Exact reproduction of all the data is required, with pictures excluded.

▸ **DATA BLOCK**
----

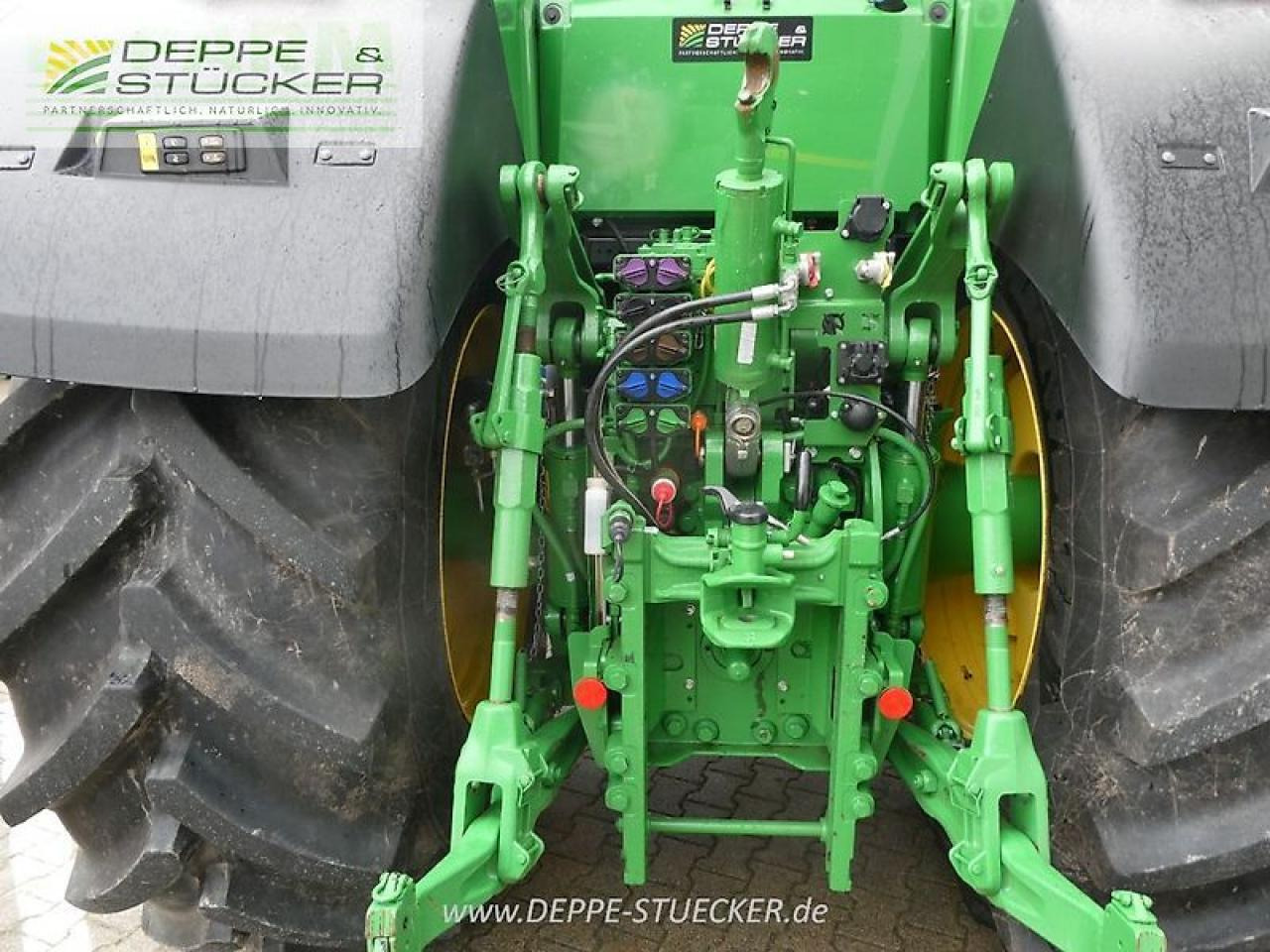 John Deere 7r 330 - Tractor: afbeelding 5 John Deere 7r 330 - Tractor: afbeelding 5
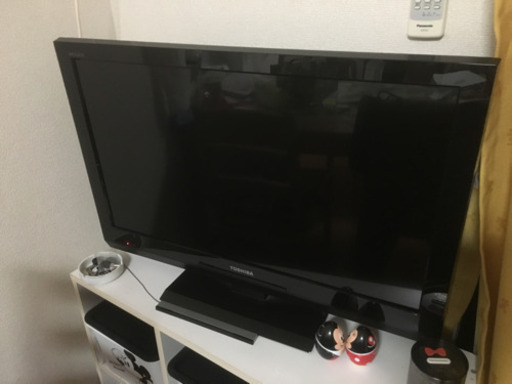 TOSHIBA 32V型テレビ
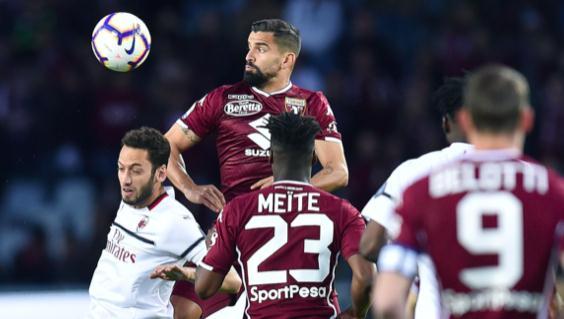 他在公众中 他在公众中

----

▸ **RESPONSE AREA**
 John Deere 7r 330 - Tractor: afbeelding 5 John Deere 7r 330 - Tractor: afbeelding 5
 TOSHIBA 32V型テレビ
 他在公众中 他在公众中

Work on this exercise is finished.